Zunächst führt mich meine heutige Route weiter auf dem mit Betonplatten ausgelegten Weg. Nach einiger Zeit kommen mir die ersten landwirtschaftlichen Fahrzeuge entgegen. Bei zwei riesigen Mähdreschern muss ich aufs Feld ausweichen, denn diese Fahrzeuge sind deutlich breiter als der Weg. Es ist jetzt die Zeit der Ernte eingetreten. Damit haben sich auch die Farben in der Landschaft deutlich verändert. Jetzt überwiegen die Braun- und Gelbtöne. Bei Sonneneinstrahlung kommt noch das herrliche Goldgelb hinzu. Auch die nun etwas weniger vorhandenen Grüntöne haben sich hin zum dunkleren Grün entwickelt. Das helle leuchtende Grün ist nun weitgehend verschwunden.
Es wird immer wärmer und nur ein laues Lüftchen weht. Der Schweiß fließt bei mir in Strömen. Mein kleines Schweißtuch ist inzwischen zum Auswringen nass. Dieses kleine Schweißtuch stammt aus Japan und ist eigentlich ein kleines Handtuch, dass in den japanischen Bädern genutzt wird. Von meinen Reisen nach Japan habe ich auch die Nutzung dieser Handtücher als Schweißtuch gelernt. Dort feuchtet man das Tuch immer wieder mit kaltem Wasser an. Habe ich heute leider vergessen und so ist die Feuchtigkeit nur vom Schweiß!
Vom Plattenweg wechsel ich auf eine kleine Kreisstraße. Vor mir kommen ein kleiner Junge, ein etwas größeres Mädchen und die Mutter mit Rädern aus einem Hof gefahren. Plötzlich der Ruf der Mutter zu ihrem Sohn: „Du hast ja keinen Helm auf, sollen wir ihn noch holen?“ Wie selbstverständlich lehnt der Junge ab.
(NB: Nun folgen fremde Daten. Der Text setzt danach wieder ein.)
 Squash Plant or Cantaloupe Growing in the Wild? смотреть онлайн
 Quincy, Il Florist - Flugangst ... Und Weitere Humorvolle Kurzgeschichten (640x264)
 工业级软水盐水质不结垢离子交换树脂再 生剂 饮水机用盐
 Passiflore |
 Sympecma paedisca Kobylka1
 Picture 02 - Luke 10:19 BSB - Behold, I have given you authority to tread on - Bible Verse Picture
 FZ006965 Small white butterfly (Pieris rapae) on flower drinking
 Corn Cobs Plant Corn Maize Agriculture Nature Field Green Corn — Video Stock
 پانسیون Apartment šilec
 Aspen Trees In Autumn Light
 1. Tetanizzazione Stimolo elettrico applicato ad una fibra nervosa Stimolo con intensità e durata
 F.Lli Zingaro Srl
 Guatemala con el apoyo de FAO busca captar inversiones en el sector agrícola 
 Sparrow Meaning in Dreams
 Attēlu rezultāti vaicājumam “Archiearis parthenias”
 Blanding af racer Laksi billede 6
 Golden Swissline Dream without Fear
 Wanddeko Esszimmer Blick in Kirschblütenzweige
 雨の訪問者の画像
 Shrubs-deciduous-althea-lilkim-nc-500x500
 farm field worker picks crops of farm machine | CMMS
Für mich aber nachvollziehbar, denn die Mutter trägt selbst auch keinen Helm. Eine tolle Vorbildfunktion für die eigenen Kinder!
Schon nach kurzer Zeit biege ich auf eine Landstraße ohne Radweg ab. Und sofort ist der Autoverkehr wieder da. Wieder beginnt eine unangenehme Phase mit meistens vernünftigen, aber auch einigen rücksichtlosen, Fahrern und Fahrerinnen. Zudem macht sich meine Blase immer deutlicher bemerkbar. Bei einem Parkplatz mit Kranichaussichtsplattform kurz vor Flemendorf, mache ich eine Rast und verarzte meine Blase. Hier bekomme ich dann beim dritten Versuch ein günstiges Zimmer in einer Pension in Stralsund.
Auf einer Informationstafel kann ich lesen, dass die Kraniche hier bei ihrem abendlichen Überflug zu den Schlafplätzen zu beobachten sind. Aber auch hier auf den abgeernteten Getreide- und Maisfeldern bei der Nahrungssuche zu beobachten sind.
Im nächsten Ort kann ich endlich auf einen separaten Radweg ausweichen und in Gross Kordshagen schließlich verlasse die Landstraße und biege in einen Feldweg ab. Nun bin ich für längere Zeit ohne Begegnung mit Menschen oder Fahrzeugen. Vor mir nur noch große Getreide-, Mais- und Rapsfelder und zwischendrin kleine Buschgruppen und Wäldchen.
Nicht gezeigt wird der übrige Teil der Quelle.